Upgrade from v0.43.2 to v0.56.0.1 on Docker with MySQL fails – /api/health stays 503

dwi.prawira · August 11, 2025, 2:59am

Hi,

I’m running Metabase in Docker with MySQL as the application database.
I recently tried upgrading from v0.43.2 straight to v0.56.0.1, but after startup, the service never becomes healthy.

What I did:

Stopped my v0.43.2 container (running fine).
Pulled the v0.56.0.1 image and started it using the same MySQL DB connection.
Watched the logs during startup.

What happens:
The migration log shows success for migrations/001_update_migrations.yaml, but afterwards, /api/health continuously returns 503. The log just repeats the health check errors every ~15 seconds.

Logs:

2025-08-11 02:27:06,387 INFO liquibase.changelog :: ChangeSet migrations/001_update_migrations.yaml::v50.2024-01-10T03:27:31::noahmoss ran successfully in 152ms
2025-08-11 02:27:12,461 ERROR middleware.log :: HEAD /api/health 503 0ms (0 DB calls) {:metabase-user-id nil}
2025-08-11 02:27:27,498 ERROR middleware.log :: HEAD /api/health 503 0ms (0 DB calls) {:metabase-user-id nil}
...

Environment:

Metabase version: v0.56.0.1 (upgraded from v0.43.2)
Deployment: Docker
Application database: MySQL
Host OS: Ubuntu 22.04

Other notes:

No other services are having issues with the MySQL database.
I haven’t tried intermediate versions yet — not sure if Metabase requires upgrading in steps for such a big version jump.

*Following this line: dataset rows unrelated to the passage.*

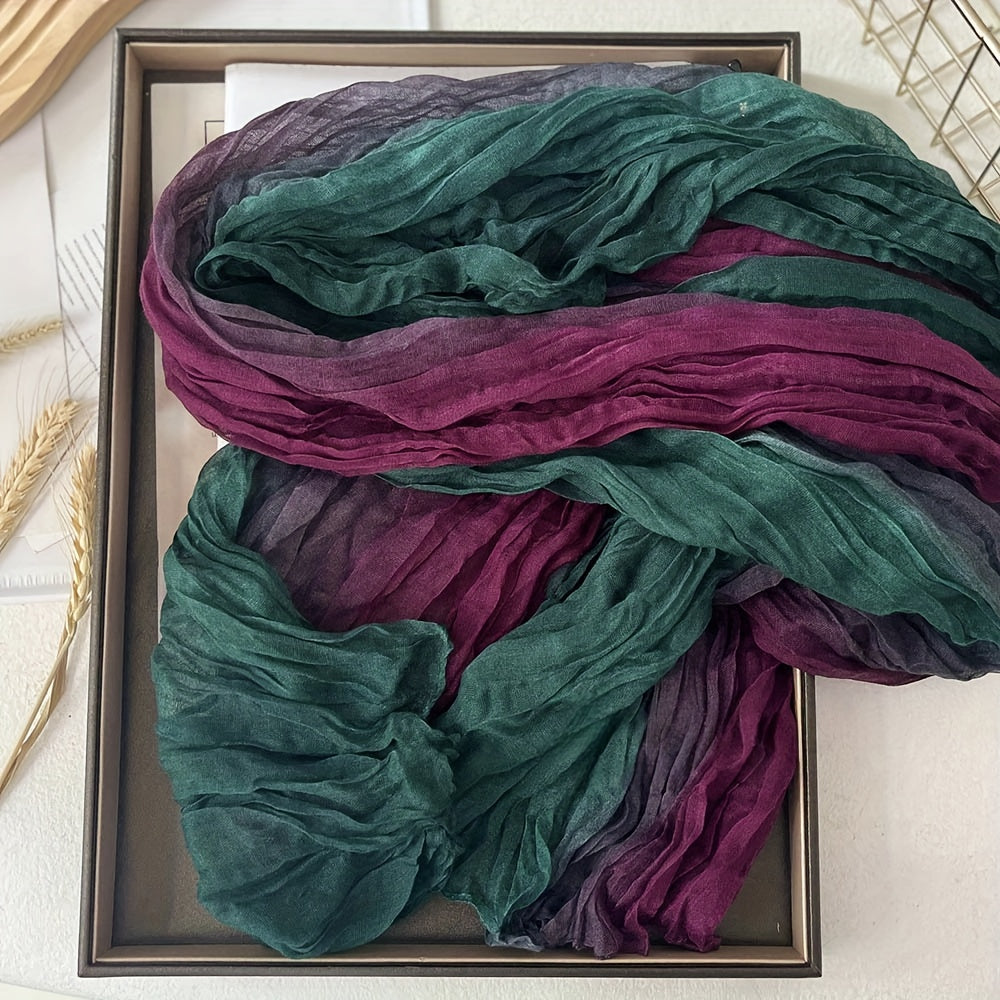 Blythe Pleated Gradient Scarf in Green Purple, product photo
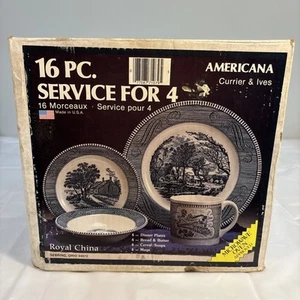 Currier & Ives Royal China Americana Service For 4 Plates Bread Bowls Cups 16 Pc - Picture 1 of 9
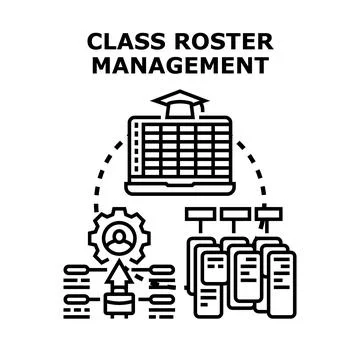 Class roster management system for educational administration Stock Illustration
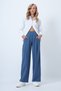 Women's Indigo Pleated Detailed Knitted Palazzo Pants Alc-X14535 - 2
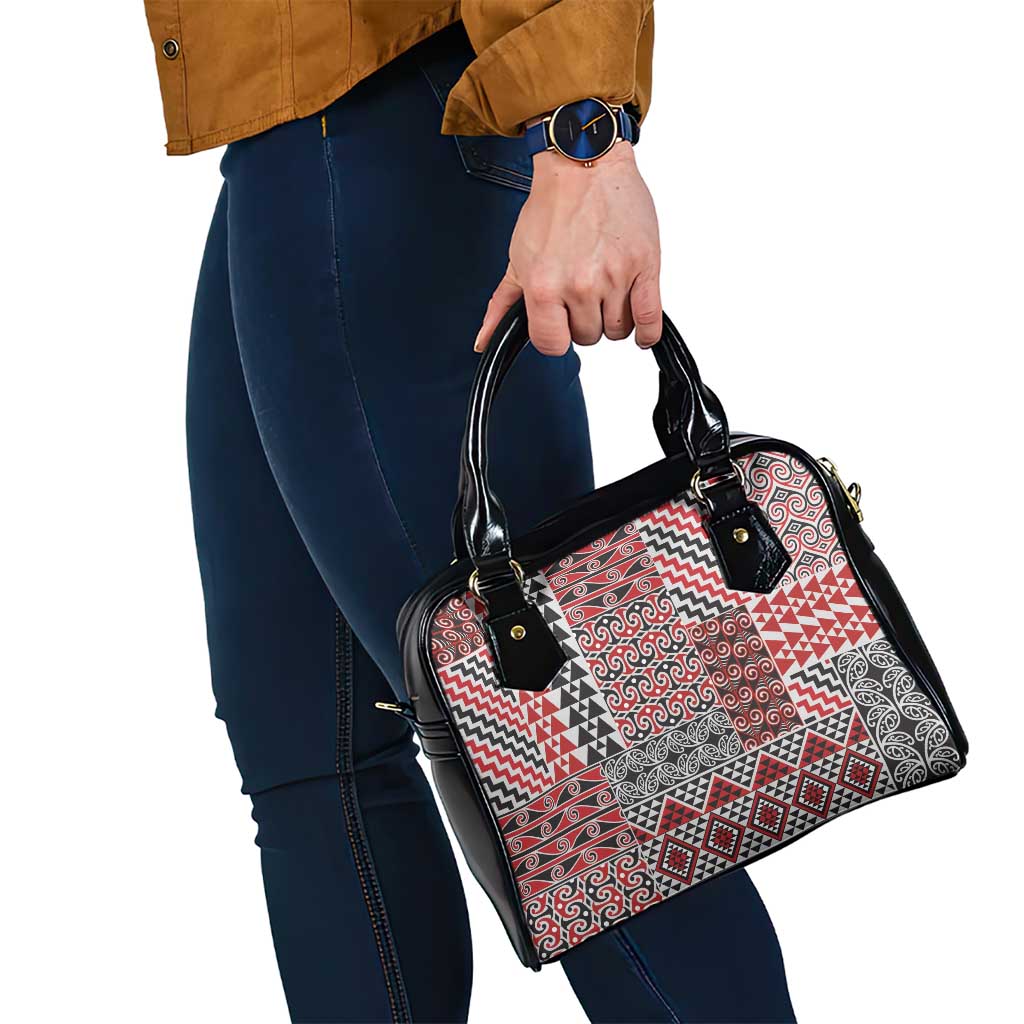Aotearoa Kowhaiwhai Taniko Patchwork Motifs Shoulder Handbag LT9 - Polynesian Pride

Has anyone run into this before? Should I try upgrading via intermediate releases (e.g., v0.50.x) or is this upgrade path supported?

Thanks!

dwhitemv · August 11, 2025, 3:42am

Are you sure the migrations finished? There's a particularly large one in there that can take a while to finish. The step after v50.2024-01-10T03:27:31 creates data_permissions and migrates data from the previous permissions table, which I believe can get quite large if you have a lot of Metabase objects.

Usually there's an accompanying log message if you try to hit Metabase while startup is still running, don't know if that applies to the health check or not. Make sure the container doesn't try to auto-heal itself (i.e. terminate & restart) during the migration, otherwise it may never finish.

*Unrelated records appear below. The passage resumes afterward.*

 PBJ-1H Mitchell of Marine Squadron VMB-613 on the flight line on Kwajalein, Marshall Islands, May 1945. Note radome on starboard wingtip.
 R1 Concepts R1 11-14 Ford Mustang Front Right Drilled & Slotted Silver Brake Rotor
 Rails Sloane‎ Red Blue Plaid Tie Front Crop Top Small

If you want to peek at what the migration is doing, log into the metabase database and look at the databasechangelog table, the most recent entry by orderexecuted marked EXECUTED is what's been done so far. The 'vXX' in the id field is the Metabase version the rule was written for. If things are still running you should be able to see them with the usual db monitoring tools, SHOW FULL PROCESSLIST for MySQL, etc.

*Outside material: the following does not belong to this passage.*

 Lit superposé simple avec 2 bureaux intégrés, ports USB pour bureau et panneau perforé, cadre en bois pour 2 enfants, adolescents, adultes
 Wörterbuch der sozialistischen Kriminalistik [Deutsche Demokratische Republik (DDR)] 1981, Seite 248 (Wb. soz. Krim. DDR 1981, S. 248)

dwi.prawira · August 11, 2025, 4:13am

, I checked MySQL using SHOW PROCESSLIST and found a query running for a long time:

-- Insert 'no' permissions for any table and group combinations that weren't covered by the previous query
INSERT INTO data_permissions (group_id, perm_type, db_id, schema_name, table_id, perm_value)
SELECT
    pg.id AS group_id,
    'perms/download-results' AS perm_type,
    mt.db_id,
    mt.schema AS schema_name,
    mt.id AS table_id,
    'no' AS perm_value
FROM permissions_group pg
CROSS JOIN metabase_table mt
WHERE NOT EXISTS (
    SELECT 1
    FROM data_permissions dp
    WHERE dp.group_id = pg.id
      AND dp.db_id = mt.db_id
      AND (dp.table_id = mt.id
           OR dp.table_id IS NULL)
      AND dp.perm_type = 'perms/download-results'
)
AND pg.name != 'Administrators'

It seems this is part of a migration step to populate missing perms/download-results entries in data_permissions.

Notes:

In my case, the permissions_group and metabase_table tables are fairly large, so this cross join produces a lot of rows. Row counts in my environment:
- permissions_group = 67 rows
- metabase_table = 27,729 rows
- CROSS JOIN = ~1.85 million combinations
This might explain why the upgrade hangs — the migration query could be running for a very long time before allowing the application to finish starting.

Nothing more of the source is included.